My little brain broke when I started trying to figure out how big the number was… thanks for breaking it down even more intuitively, yeah it is way to large to have been correct!
This is why I use CloudFlare. They block the worst and cache for me to reduce the load of the rest. It’s not 100% but it does help.
LOL Someone took exception to your use of Cloudflare. Hilarious. Anyways, yeah, what Cloudflare doesn’t get, pFsense does.
What is the blog about? It may be increased interest as search providers use them for normal searches now… or it could be a couple of already sentient doombots.
Please don’t be a blog about von Neumann probes. Please don’t be a blog about von Neumann probes. Please don’t be a blog about von Neumann probes…
What’s wrong with blogs about von Neumann probes? Genuinely curious!
If an ai read it several thousand times, I thought it was too on the nose joke sorry
lol that’s funny. I guess I’m just slow
I want to search for a blog on this now…
deleted by creator
Hydrogen bomb vs coughing baby type shit
What is that log analysis tool you are using in the picture? Looks pretty neat.
It’s a mix, I put two screenshots together. On the left is my monthly bandwidth usage from CPanel on the right is Awstats (though I hid some sections so the Robots/Spiders section was closer to the top).
Awstats
I thought I recognized it. Hell of a blast from the past, haven’t seen it in fifteen years at least.
I think they’re winding down the project unfortunately, so I might have to get with the times…
I mean, I thought it was long dead. It’s twenty-five years old, and the web has changed quite a bit in that time. No one uses Perl anymore, for starters. I used Open Web Analytics, Webalizer, or somesuch by 2008 or so. I remember Webalizer being snappy as heck.
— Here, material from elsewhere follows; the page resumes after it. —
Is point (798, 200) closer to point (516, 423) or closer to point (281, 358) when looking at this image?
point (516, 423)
I tinkered with log analysis myself back then, peeping into the source of AWStats and others. Learned that a humongous regexp with like two hundred alternative matches for the user-agent string was way faster than trying to match them individually — which of course makes sense seeing as regexps work as state-machines in a sort of a very specialized VM. My first attempts, in comparison, were laughably naive and slow. Ah, what a time.
Sure enough, working on a high-traffic site taught me that it’s way more efficient to prepare data for reading at the moment of change instead of when it’s being read — which translates to analyzing visits on the fly and writing to an optimized database like ElasticSearch.
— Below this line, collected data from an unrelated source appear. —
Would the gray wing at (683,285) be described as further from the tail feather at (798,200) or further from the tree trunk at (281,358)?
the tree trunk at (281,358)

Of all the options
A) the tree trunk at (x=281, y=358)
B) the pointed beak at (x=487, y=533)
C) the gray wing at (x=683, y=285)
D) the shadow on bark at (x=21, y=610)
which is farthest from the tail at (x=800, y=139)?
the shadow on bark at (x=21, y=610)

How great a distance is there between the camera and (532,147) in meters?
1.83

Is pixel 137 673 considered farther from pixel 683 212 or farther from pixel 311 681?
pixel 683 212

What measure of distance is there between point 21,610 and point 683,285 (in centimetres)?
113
Downloading you wallpapers? Lol what for
That’s insane… Can’t a website owner require bots (at least those who are identifying themselves as such) to prove at least they’re affiliated with a certain domain?
Had the same thing happen on one of my servers. Got up one day a few weeks ago and the server was suspended (luckily the hosting provider unsuspended it for me quickly).
It’s mostly business sites, but we do have an old personal blog on there with a lot of travel pictures on it, and 4 or 5 AI bots were just pounding it. Went from 300GB per month average to 5TB on August, and 10/11 TB in September and October.